Alimony in gross is intended to provide a form of property settlement and is generally not modifiable. Ala. Code Section 30-2-55 (1975). Alimony in gross survives the remarriage of the recipient spouse.  With alimony in gross the amount and time of payment is usually certain and the right to it vested.  TenEyck v. TenEyck, 885 S. 2d 146,151 (Ala. Civ. App. 2003); Hager v. Hager, 293 Ala. 47, 299 So.2d 743 (1974). Payments are considered vested where there is no specification that the payments can be modified.  Andrews v. Andrews, 2017, Ala. Civ. App. LEXIS 244 (Ala. Civ. App. December 15, 2017) (“[T] term ‘vested’ simply signifies that an award of ‘alimony in gross’ is not subject to modification.” Id. See Hager v. Hager, 293 Ala. at 54, 299 So.2d at 759 .  Alimony in gross payments can be a lump-sum payment, a series of payments over a specific period of time or directed to satisfy a promissory note. Ex parte Rueter, 623 So. 2d 737 (Ala. 1993). The specific designation of an alimony award as being “in gross” is not necessary.  There are also no restrictions on the way alimony in gross might be paid.  McCrary v. McCrary, 408 So. 2d 523 9Ala. Civ. App 1981).  Periodic alimony is also distinguishable from alimony in gross because it is treated as taxable income to the party receiving the award.  Alimony in gross is not taxable income to the receiving party.  Rose v. Rose, 70 So. 3d 429 (Ala. Civ. App. 2011).  

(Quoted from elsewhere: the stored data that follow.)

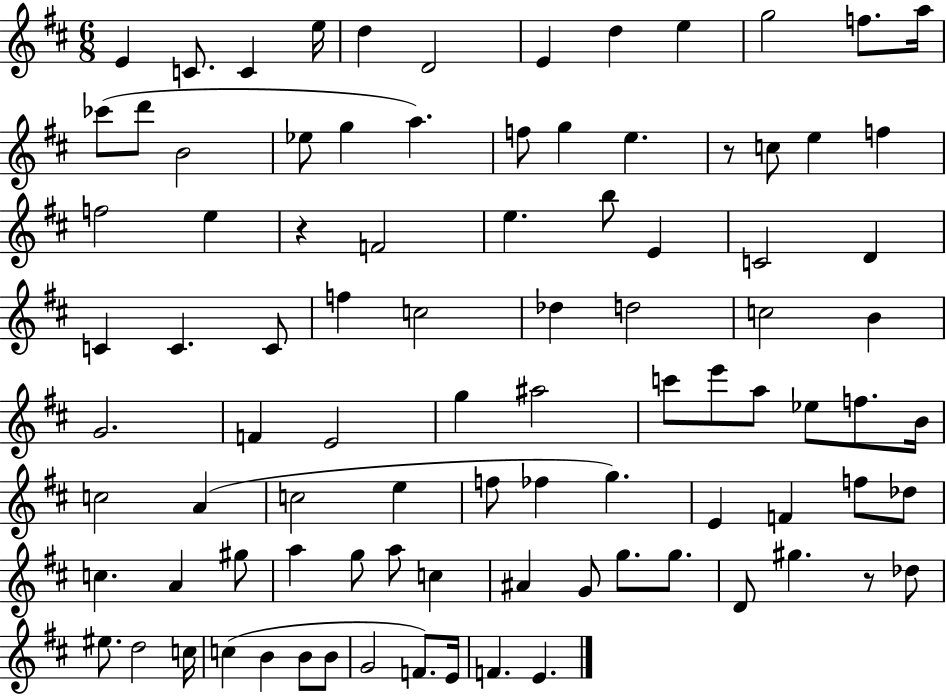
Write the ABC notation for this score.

X:1
T:Untitled
M:6/8
L:1/4
K:D
E C/2 C e/4 d D2 E d e g2 f/2 a/4 _c'/2 d'/2 B2 _e/2 g a f/2 g e z/2 c/2 e f f2 e z F2 e b/2 E C2 D C C C/2 f c2 _d d2 c2 B G2 F E2 g ^a2 c'/2 e'/2 a/2 _e/2 f/2 B/4 c2 A c2 e f/2 _f g E F f/2 _d/2 c A ^g/2 a g/2 a/2 c ^A G/2 g/2 g/2 D/2 ^g z/2 _d/2 ^e/2 d2 c/4 c B B/2 B/2 G2 F/2 E/4 F E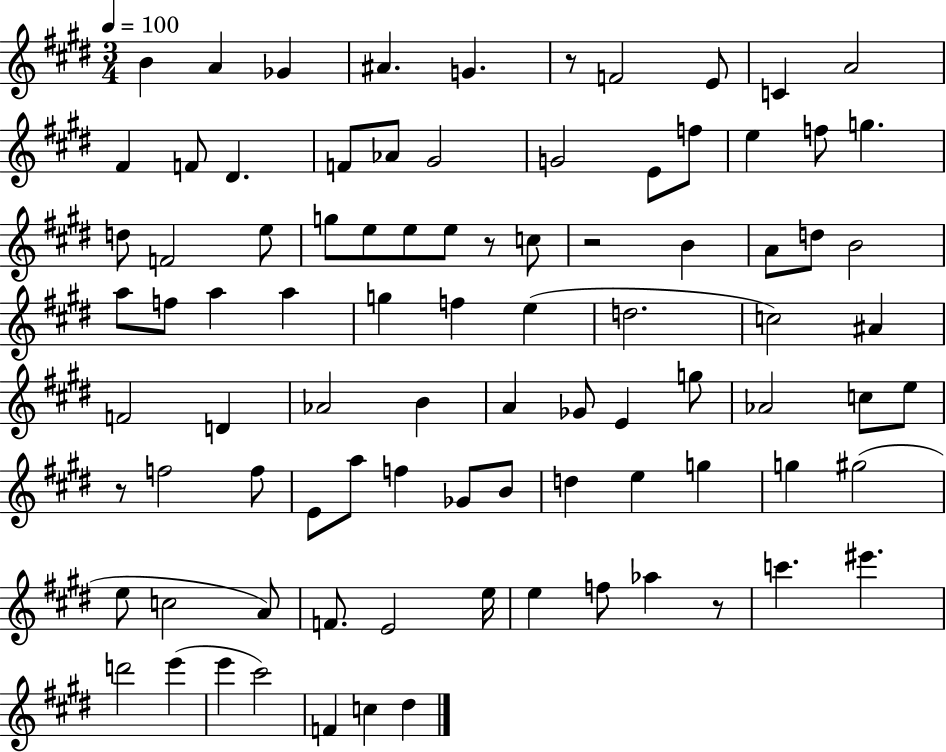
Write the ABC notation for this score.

X:1
T:Untitled
M:3/4
L:1/4
K:E
B A _G ^A G z/2 F2 E/2 C A2 ^F F/2 ^D F/2 _A/2 ^G2 G2 E/2 f/2 e f/2 g d/2 F2 e/2 g/2 e/2 e/2 e/2 z/2 c/2 z2 B A/2 d/2 B2 a/2 f/2 a a g f e d2 c2 ^A F2 D _A2 B A _G/2 E g/2 _A2 c/2 e/2 z/2 f2 f/2 E/2 a/2 f _G/2 B/2 d e g g ^g2 e/2 c2 A/2 F/2 E2 e/4 e f/2 _a z/2 c' ^e' d'2 e' e' ^c'2 F c ^d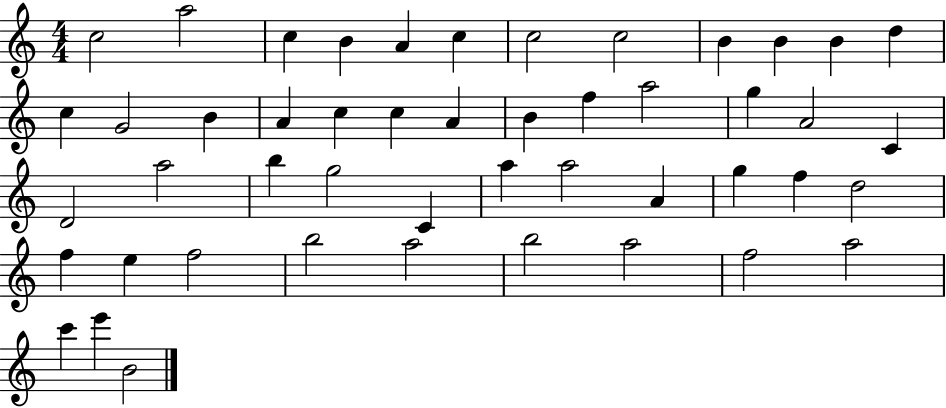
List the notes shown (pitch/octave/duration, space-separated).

C5/h A5/h C5/q B4/q A4/q C5/q C5/h C5/h B4/q B4/q B4/q D5/q C5/q G4/h B4/q A4/q C5/q C5/q A4/q B4/q F5/q A5/h G5/q A4/h C4/q D4/h A5/h B5/q G5/h C4/q A5/q A5/h A4/q G5/q F5/q D5/h F5/q E5/q F5/h B5/h A5/h B5/h A5/h F5/h A5/h C6/q E6/q B4/h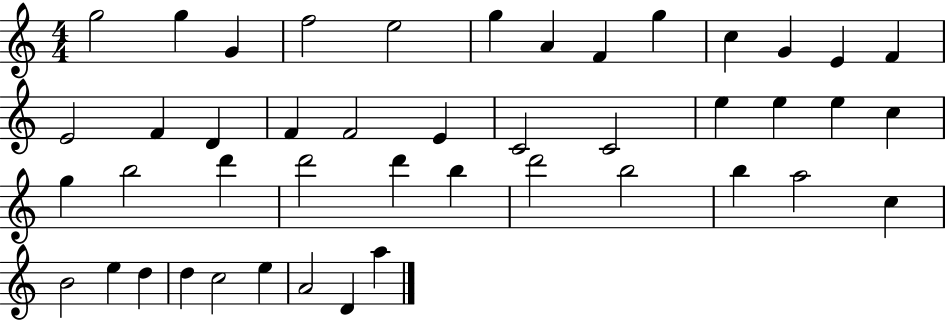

In the case of State Dep’t of Revenue v. Pruitt, 711 So.2d 1014 (Ala. Civ. App. 1997), the court found that mortgage payments made by husband on wife’s residence were not taxable as alimony when he was required to make the payments regardless of his former wife’s status. The language in the divorce agreement stated as follows: “The real property described in paragraph 1 above [the former marital residence awarded to the wife] is subject to an outstanding mortgage to First Community Bank, which the husband assumes and agrees to pay, and the husband further agrees to hold the wife harmless against any claims made by the creditor against the wife to collect said indebtedness.” The court stated that “…we are certain that the bank to which Pruitt (husband) owes those payments would expect him to continue making them even if his former wife remarried or died.”  Id.  The Court decided that the mortgage payments were alimony in gross and non-taxable. In Lacey v. Lacey, 126 So.3d 1029 (Ala.Civ.App. 2013), the husband was to pay the wife $2,500 per month for 96 months with said payments to terminate earlier than 96 months only upon wife’s death. The court found that the payments were alimony in gross because the award did not terminate on husband’s death or wife’s remarriage.  The court noted that “…the failure to label a provision of a judgment as alimony in gross will not defeat a provision which in substance provides for alimony in gross.” In Lacey, the language did not state that the payment was alimony in gross; but, the court found that the nature of the award was inferable from its language. Id.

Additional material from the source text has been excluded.